ZURICH (Reuters) – The Swiss government proposed on Friday tightening capital requirements for big banks that could prompt UBS and Credit Suisse to issue up to a combined 24 billion Swiss francs (18.41 billion pounds) worth of bail-in bonds.
The draft proposal was put out for comment by the finance ministry until July 12.
“The additional requirements for funds … amounts to some 24 billion Swiss francs for the two big banks,” the draft proposal said, noting UBS and Credit Suisse would gradually have to issue this amount of additional bail-in bonds at the holding level.

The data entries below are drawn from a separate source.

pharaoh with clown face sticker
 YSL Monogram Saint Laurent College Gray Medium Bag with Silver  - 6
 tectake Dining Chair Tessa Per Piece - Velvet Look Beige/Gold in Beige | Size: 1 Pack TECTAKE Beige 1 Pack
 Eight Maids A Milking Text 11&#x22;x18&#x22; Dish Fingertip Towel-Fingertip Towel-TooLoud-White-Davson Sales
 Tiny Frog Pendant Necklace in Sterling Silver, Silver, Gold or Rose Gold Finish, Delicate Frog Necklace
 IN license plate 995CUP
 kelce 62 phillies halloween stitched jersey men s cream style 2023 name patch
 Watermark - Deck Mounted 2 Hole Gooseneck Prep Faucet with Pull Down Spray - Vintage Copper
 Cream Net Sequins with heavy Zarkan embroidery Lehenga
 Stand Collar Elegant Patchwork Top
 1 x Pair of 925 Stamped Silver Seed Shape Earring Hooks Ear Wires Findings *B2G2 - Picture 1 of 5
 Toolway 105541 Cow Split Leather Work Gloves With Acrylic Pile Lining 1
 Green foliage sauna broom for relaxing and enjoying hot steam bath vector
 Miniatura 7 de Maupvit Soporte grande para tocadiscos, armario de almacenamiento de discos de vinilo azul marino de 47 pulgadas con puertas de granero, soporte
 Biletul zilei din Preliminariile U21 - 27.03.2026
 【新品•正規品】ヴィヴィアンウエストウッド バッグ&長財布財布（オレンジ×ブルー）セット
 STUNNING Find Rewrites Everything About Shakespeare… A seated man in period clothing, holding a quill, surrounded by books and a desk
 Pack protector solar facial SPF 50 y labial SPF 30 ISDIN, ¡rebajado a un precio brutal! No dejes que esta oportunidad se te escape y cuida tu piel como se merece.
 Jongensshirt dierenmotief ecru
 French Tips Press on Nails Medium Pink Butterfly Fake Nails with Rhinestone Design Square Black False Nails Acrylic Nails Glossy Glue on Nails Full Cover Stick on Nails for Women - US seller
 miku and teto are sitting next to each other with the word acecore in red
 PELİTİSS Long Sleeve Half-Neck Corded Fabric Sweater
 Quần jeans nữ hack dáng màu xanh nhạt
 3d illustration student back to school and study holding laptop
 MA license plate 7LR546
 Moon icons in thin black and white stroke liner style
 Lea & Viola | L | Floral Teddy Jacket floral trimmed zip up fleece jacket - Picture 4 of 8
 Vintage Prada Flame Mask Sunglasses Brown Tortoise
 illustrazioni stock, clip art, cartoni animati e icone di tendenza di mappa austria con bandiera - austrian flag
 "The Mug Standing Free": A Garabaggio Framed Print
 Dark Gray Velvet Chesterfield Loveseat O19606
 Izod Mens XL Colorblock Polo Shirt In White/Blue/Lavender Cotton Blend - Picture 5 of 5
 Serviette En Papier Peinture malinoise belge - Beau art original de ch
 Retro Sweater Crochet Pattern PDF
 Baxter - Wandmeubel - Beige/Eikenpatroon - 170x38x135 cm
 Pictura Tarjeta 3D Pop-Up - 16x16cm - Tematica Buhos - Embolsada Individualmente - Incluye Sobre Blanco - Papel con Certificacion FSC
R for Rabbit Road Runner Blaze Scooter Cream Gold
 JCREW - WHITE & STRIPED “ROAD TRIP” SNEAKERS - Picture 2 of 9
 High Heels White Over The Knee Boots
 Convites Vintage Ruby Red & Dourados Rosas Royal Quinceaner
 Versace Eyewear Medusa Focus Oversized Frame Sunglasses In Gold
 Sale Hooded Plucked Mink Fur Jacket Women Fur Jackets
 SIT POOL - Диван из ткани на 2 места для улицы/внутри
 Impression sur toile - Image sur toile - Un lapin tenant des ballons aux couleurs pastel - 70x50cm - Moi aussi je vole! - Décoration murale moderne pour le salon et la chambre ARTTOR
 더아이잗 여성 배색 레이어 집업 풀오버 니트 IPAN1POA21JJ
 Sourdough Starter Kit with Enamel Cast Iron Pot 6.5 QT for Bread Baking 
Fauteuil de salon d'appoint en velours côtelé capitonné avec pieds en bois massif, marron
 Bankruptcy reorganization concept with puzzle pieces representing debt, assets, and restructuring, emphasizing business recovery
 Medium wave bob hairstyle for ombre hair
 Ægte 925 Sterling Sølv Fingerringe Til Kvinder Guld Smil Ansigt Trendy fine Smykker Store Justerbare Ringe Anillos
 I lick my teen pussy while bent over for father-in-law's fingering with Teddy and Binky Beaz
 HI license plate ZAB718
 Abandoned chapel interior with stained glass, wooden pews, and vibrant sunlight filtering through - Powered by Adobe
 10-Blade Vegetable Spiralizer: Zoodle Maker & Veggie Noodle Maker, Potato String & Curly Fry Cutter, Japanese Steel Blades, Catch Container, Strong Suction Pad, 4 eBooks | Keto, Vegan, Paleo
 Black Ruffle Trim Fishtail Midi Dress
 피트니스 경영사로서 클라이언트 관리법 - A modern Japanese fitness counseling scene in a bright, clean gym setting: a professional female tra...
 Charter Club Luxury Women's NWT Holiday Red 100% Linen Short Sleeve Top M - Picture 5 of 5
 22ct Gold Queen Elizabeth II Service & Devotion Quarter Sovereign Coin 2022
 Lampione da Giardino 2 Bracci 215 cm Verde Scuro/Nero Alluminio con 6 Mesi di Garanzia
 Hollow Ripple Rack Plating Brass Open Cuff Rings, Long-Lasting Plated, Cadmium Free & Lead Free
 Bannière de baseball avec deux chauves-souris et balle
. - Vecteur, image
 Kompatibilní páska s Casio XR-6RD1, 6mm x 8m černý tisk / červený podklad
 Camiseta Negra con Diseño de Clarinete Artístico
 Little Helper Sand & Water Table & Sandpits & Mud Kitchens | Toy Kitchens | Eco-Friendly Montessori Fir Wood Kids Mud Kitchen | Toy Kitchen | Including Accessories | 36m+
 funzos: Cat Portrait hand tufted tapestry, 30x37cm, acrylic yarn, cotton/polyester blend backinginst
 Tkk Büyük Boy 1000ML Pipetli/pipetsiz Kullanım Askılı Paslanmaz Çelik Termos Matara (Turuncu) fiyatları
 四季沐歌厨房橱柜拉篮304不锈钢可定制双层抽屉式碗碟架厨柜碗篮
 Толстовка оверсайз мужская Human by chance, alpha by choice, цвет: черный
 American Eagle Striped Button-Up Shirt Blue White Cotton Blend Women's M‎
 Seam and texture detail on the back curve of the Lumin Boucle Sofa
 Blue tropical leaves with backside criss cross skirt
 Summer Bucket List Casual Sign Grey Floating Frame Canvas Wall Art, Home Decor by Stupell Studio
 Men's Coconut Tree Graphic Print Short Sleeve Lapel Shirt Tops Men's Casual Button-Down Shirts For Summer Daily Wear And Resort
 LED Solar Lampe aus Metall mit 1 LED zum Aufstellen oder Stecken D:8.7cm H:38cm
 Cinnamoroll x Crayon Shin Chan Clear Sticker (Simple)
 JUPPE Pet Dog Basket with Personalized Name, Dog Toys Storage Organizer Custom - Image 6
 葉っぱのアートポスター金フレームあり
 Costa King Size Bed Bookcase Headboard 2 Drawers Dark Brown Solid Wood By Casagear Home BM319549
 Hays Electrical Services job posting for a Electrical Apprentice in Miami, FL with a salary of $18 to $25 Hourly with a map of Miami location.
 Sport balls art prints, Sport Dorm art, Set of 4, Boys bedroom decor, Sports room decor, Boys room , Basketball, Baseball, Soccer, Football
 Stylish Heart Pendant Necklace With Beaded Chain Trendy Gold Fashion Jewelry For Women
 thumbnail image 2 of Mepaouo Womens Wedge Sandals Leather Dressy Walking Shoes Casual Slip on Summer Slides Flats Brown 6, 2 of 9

“As a result, the refinancing costs for both big banks will increase by a maximum of 170 million francs a year,” it added, although it called this a conservative estimate that could shrink towards zero as markets reward with lower risk premiums banks’ greater capacity to absorb losses.
UBS and Credit Suisse had no immediate comment on the plan, which still has to be finalised and approved by parliament.
The proposal comes amid international efforts to ensure banks have enough capital to withstand losses amid market turbulence without state aid.
UBS and Credit Suisse have operated under so-called “gone concern” rules since 2016, with scaled-down requirements for other big lenders PostFinance, Raiffeisen and ZKB since this year.
The draft released on Friday also suggests tightening capital requirements for loans that finance investments in Swiss residential property amid concerns that the sector is overheating given ultra-low Swiss interest rates.
But it suggests the government forego changes should banks come up with a self-regulation approach that wins approval from the FINMA watchdog.